A fascination with the undead has a chokehold on America’s mainstream media; you can’t walk into a theatre without seeing fangs on this or that poster or an “I <3 Zombies” written across the chest of a t-shirt. Every other display in a bookstore is laden with survival guides and love stories featuring these monsters. Granted, it is rather close to Halloween, but you catch my drift.
Since it is so close to the beloved holiday, I decided to jump on the bandwagon and pick up a zombie novel. Because they haven’t started sparkling yet.
“World War Z: An Oral History of the Zombie War,” written by Max Brooks, came out in September 2006 and was published by Three Rivers Press.
“World War Z” immediately sets itself apart from other novels because of the formatting; the novel is a collection of interviews of the survivors of the Zombie War that plagued the world for a little over a decade, and still isn’t quite over.
In the introduction, the narrator tells his reader that he was collecting data and felt he shouldn’t have to cut out the personal side of the apocalyptic event, and thusly, he compiled a novel.
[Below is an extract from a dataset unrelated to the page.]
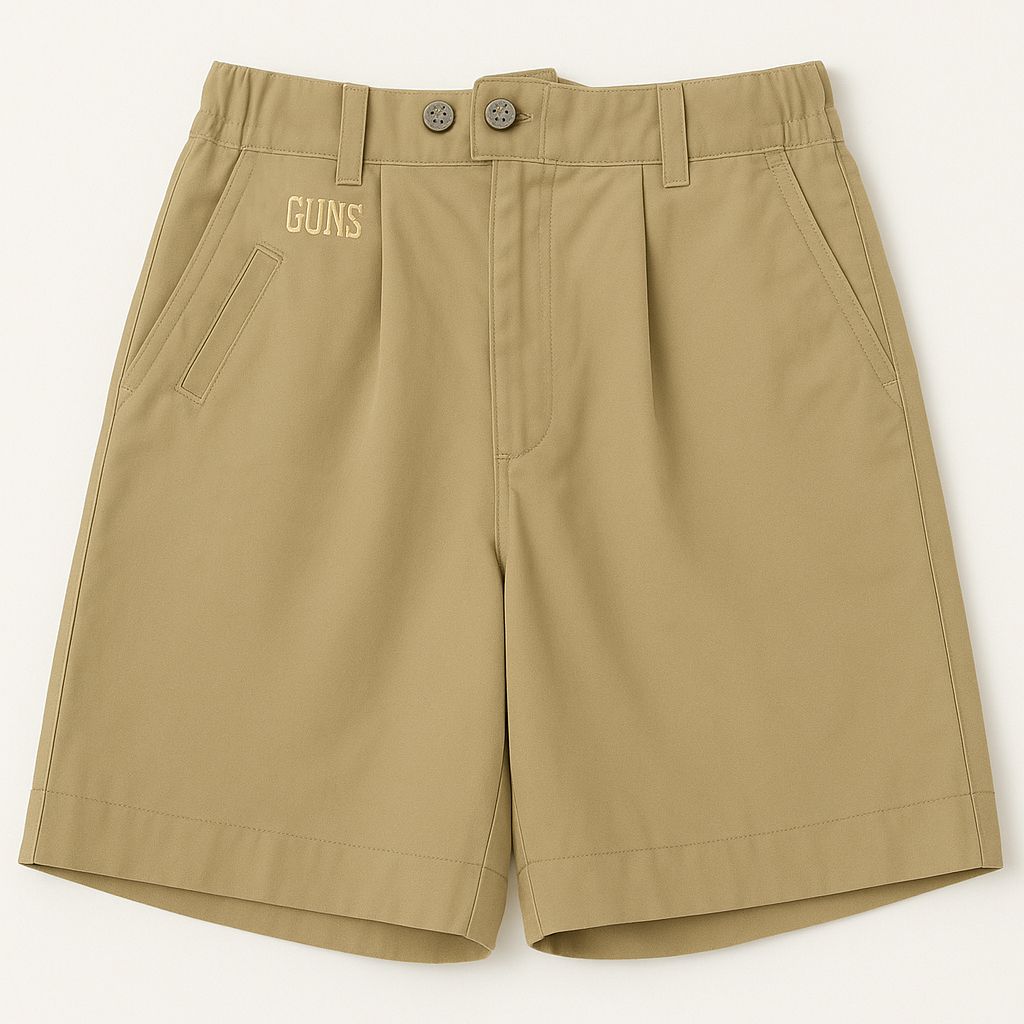 Bermuda Acrocel Pinzado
There are several chapters that divide the war into phases. The novel begins with the section titled “Warnings” that contains interviews of people that witnessed the beginnings of the plague and follows the war to end with “Good-byes,” a section full of small messages of people hopeful for the future, regretting the past, etc.
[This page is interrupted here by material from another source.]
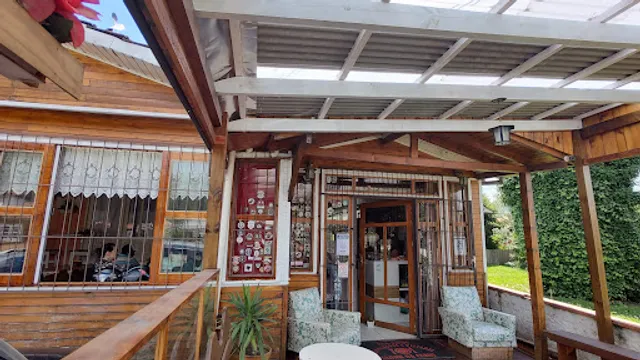 Restaurante Sabor da Carne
The interviews are conducted all over the world and the survivors are vastly different from one another, each adding a different perspective and another piece to the chaos that was WWZ. The reader is introduced to prewar drug smugglers, military men and women, and government officials. The narrator interviews a wealthy pharmacist who didn’t lie about how his miracle drug could prevent infection; a young woman who has the mind of a 4-year-old due to post-traumatic stress; and a genius strategist who figured out that the most efficient way to begin saving a country’s population would involve sacrificing half of it.
It may be in poor taste not to mention flaws of a novel during its review, but the ones I noticed were few and far between. The narrator is a little opinionated at times, and there is a nagging question that is never answered, but the stories make up for these little things. And the stories really are the point; Brooks doesn’t bog you down with context or dialects, just honest stories from over 60 individuals that lived through the Z war.
Why you should pick up this book (or perhaps why you shouldn’t): it psychologically freaks you out. Etched in the stories, especially at the beginning, is a fear – the helpless, hopeless fear that comes with not knowing how to fight the threat and having nowhere to run because the threat is everywhere.